(Beginning of Provided data)

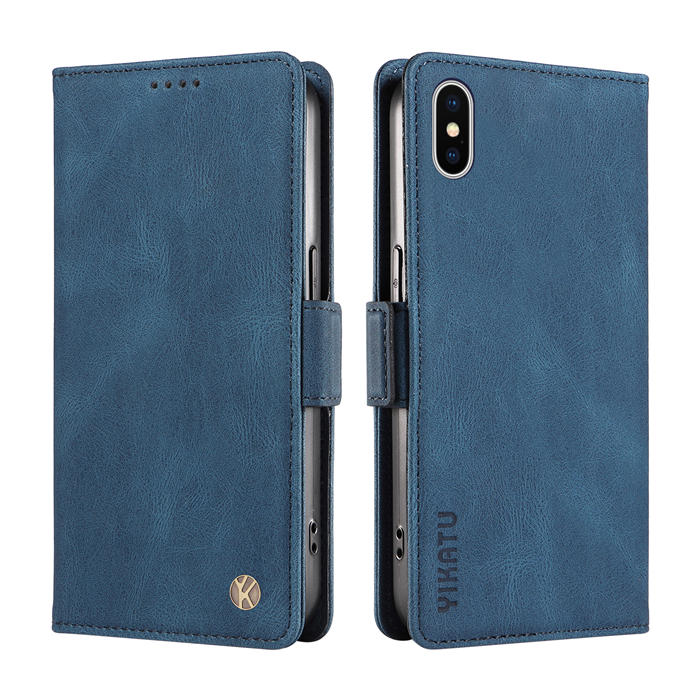 YIKATU iPhone XS Max Wallet Kickstand Case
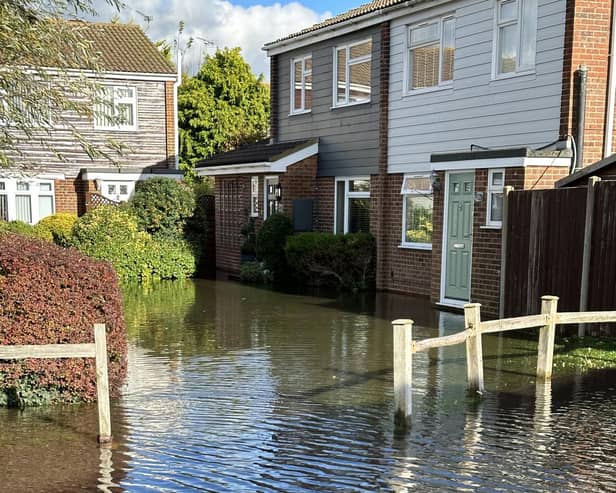 Flooding in Arun District, supplied by Cllr Martin Lury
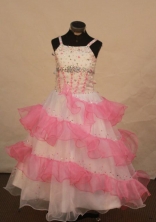 Modest Ball gown Strap Floor-Length Little Girl Pageant Dresses Style FA-Y-320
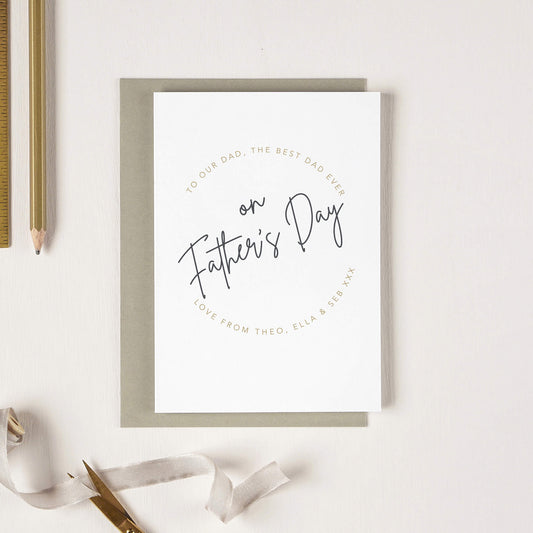 Personalised Card For Father's Day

(End of Provided data)

:: Problem to solve ::
Your task is to reproduce exactly the lines from the one that holds "Modest Ball gown" to the last line of the listing, and only those, omitting the pictures.

:: Your response ::
 Modest Ball gown Strap Floor-Length Little Girl Pageant Dresses Style FA-Y-320
 Personalised Card For Father's Day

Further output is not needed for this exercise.